Nel nuovo filone d’indagine sul delitto di Garlasco, il dna ritrovato sulla cannuccia di un brick del tè ha riaperto una questione mai chiusa del tutto. Il reperto era stato inserito tra i rifiuti della casa di Chiara Poggi. Il profilo genetico è di Chiara e del fidanzato Alberto Stasi, condannato nel 2015 a sedici anni di reclusione. A confermarlo la criminologa Anna Vagli, che a noi di MOW ha commentato gli esiti dell’incidente probatorio: “Il dna trovato sulla spazzatura, venduto come quello dell’assassino che avrebbe fatto colazione con Chiara, è risultato, in sede di incidente probatorio, invece appartenente a Chiara e Stasi. E l’analisi della spazzatura era stata richiesta proprio dai legali del condannato”. Il reperto in questione, la cannuccia del brick, è stato riesaminato di recente. Per la procura avrebbe potuto contenere tracce dell’assassino, ma i test hanno restituito un risultato diverso: nessun terzo profilo, nessuna novità.
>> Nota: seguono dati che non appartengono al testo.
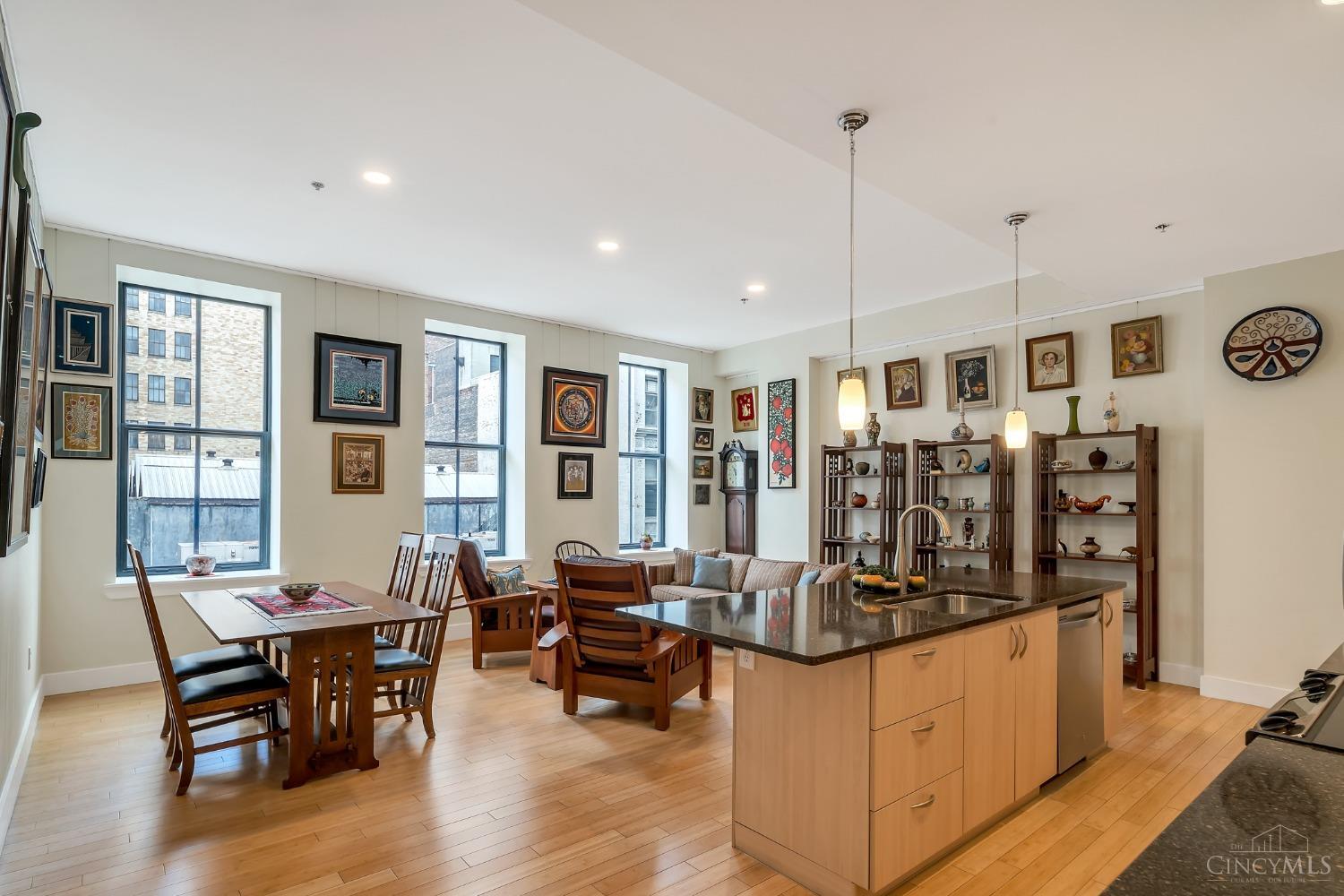 15 W Fourth Street 410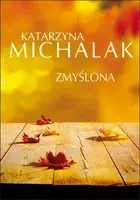 Okładka: Zmyślona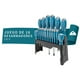 thumbnail image 4 of Juego de 18 desarmadores azul, 4 of 6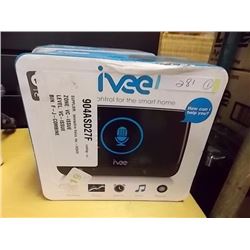 IVEE VOICE CONTROL FOR SMART HOME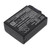 1020 mAh for NiKon EN-EL21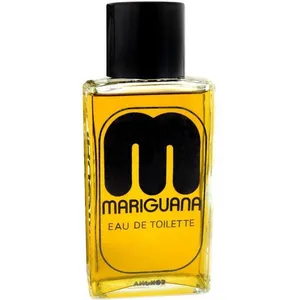 Angkor Mariguana parfüm şişesi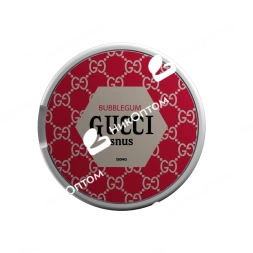 GUCCI - BUBBLEGUM (150mg)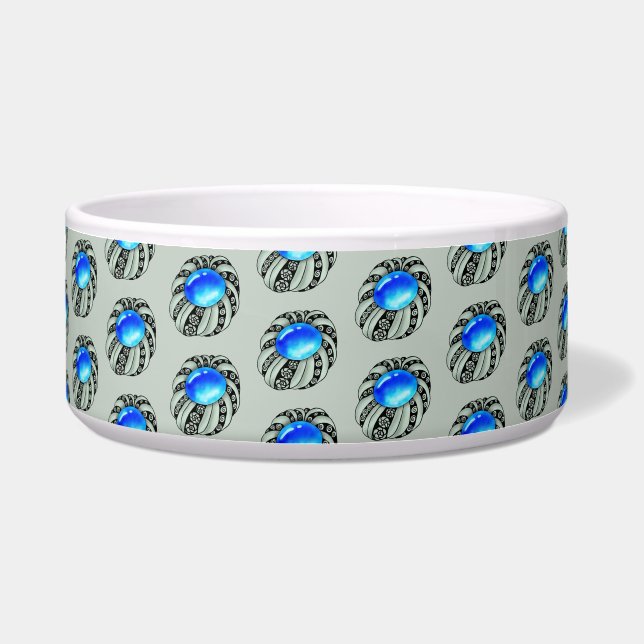 Comedero Brosche  (Frente)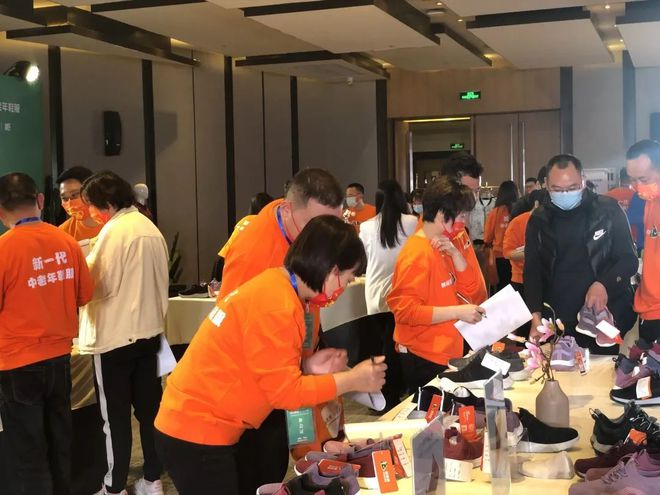 CQ9电子 CQ9传奇电子向好向新 共享共赢——舞极限2022夏季新品发布会盛大召开！(图7)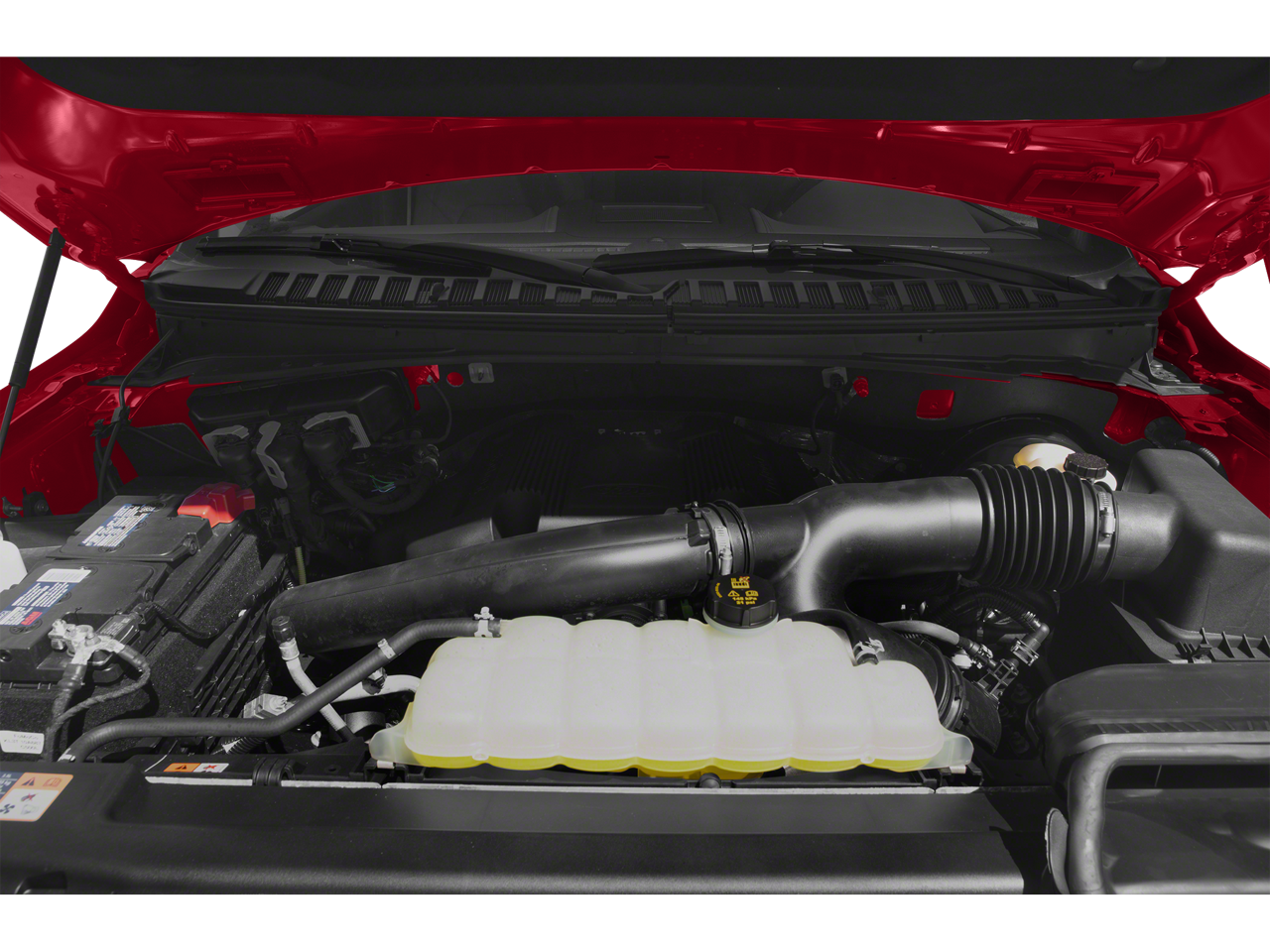 2020 Ford Expedition Limited 302A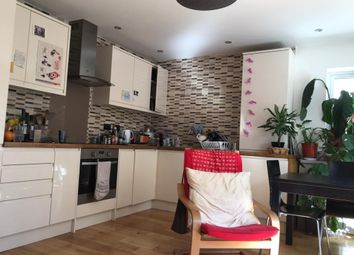 Thumbnail 3 bed flat to rent in Naylor Road, London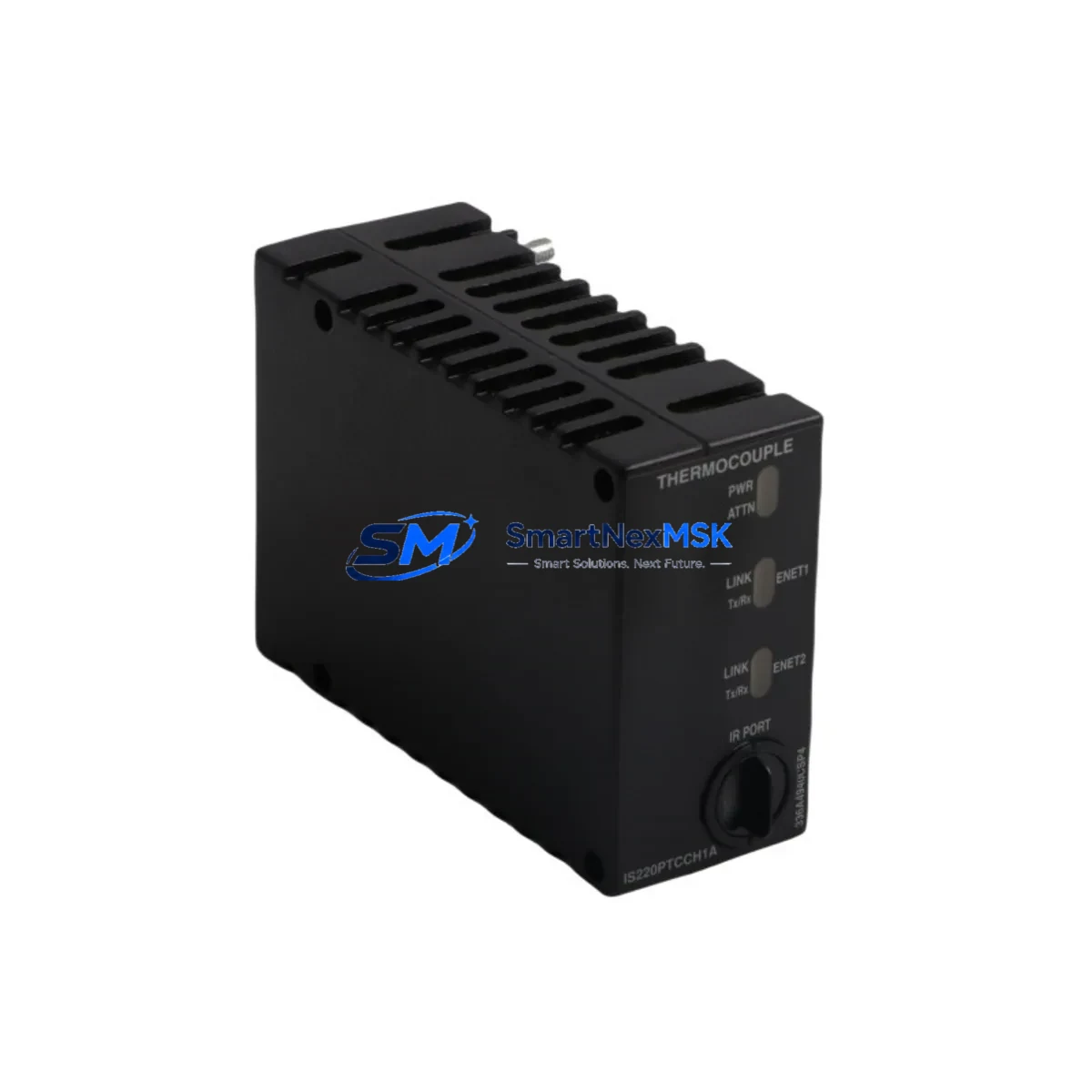 GE IS220PTCCH1B Thermocouple Input Module image 2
Solo i due protagonisti di una vicenda che, a distanza di anni, resta un enigma giudiziario. Secondo la Vagli, il dato va inserito in un contesto più ampio: “Locard non sbaglia: chi uccide lascia qualcosa sulla scena del crimine e porta via qualcosa da quella scena. E qui, ad oggi, l’unico dato scientifico è questo”.

La nuova fase dell’inchiesta, però, non si ferma al dna. Il prossimo passo sarà cercare impronte papillari latenti sulla stessa spazzatura: digitali, palmari o plantari. In teoria, solo le digitali possono essere compatibili con il tipo di superficie. “Le impronte digitali sono materiale biologico, ma il disegno lasciato dai polpastrelli in certi contesti resiste di più rispetto al dna, soprattutto su superfici lisce e se non vengono sfregate o lavate. Possono restare leggibili anche dopo mesi o anni, a seconda del supporto e delle condizioni ambientali”, ci ha spiegato la criminologa. L’ipotesi è che anche le impronte digitali confermeranno quanto già emerso con il dna. “Se già è stato trovato dna di Chiara e Stasi, ipotizzo che l’esito potrà essere lo stesso anche per le impronte digitali”. Niente colpi di scena, per ora. Solo un dato tecnico: sulla cannuccia c’è il dna di Chiara e di Alberto. Ed è stato proprio il suo collegio difensivo a volerlo cercare.